В Калининград был направлен в 1964 году, здесь занимался проверкой летного состава частей авиации. Да так и остался в городе, который когда-то штурмовали. Вот, говорят, что это англичане разбомбили город в 1944 году. Конечно, они нанесли урон. Но, Кенигсбергу основной урон нанесли мы. Над Кенигсбергом летало почти 2 тысячи советских самолетов. Бомбы с них падали на дома, на крепости, на улицы города. Такого урона как сделали мы, англичане нанести не могли. У них было всего 800 самолетов и бомбы другик. А как действовали наши сухопутные войска и артиллерия? Каждый дом брали штурмом! Каждый дом был крепостью! И взяли каждую крепость.

Самолет полка "Нормандия-Неман" на аэродроме под Хайлигенбайлем.
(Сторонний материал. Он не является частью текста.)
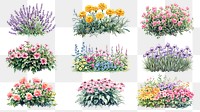 PNG flower garden  element set, transparent background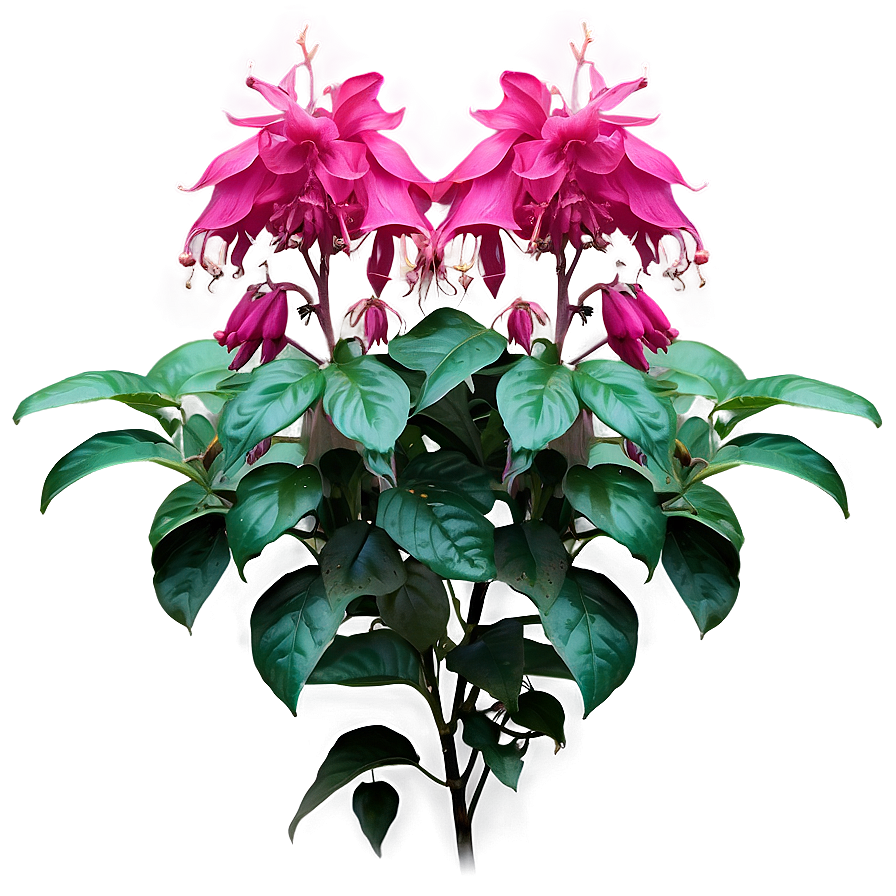 Fuchsia Flower Bush Png Clt29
Самолет полка "Нормандия-Неман" на аэродроме под Хайлигенбайлем.

Фото: из архива «КП»

КСТАТИ

Почему назвали Рено

- Имя у меня необычное и меня часто спрашивают о нем, - улыбается фронтовик. - История простая. Мой отец был солдатом в Первую мировую войну. Где-то на фронте он увидел бронированную машину. Стоит перед ней, а у самого в руках винтовка. Он стреляет в нее, а она едет, снова стреляет, а она продолжает движение. И потом он рассказывал, что все-таки подбил эту бронемашину. А сосед говорил, что удрал он от нее. Как уж было дело, я не знаю. Но только тот непробиваемый автомобиль марки «Рено» так удивил папу, что когда я родился, он меня назвал в честь машины – Рено. В России два человека с именем Рено. Это я и мой внук, которому уже 42 года.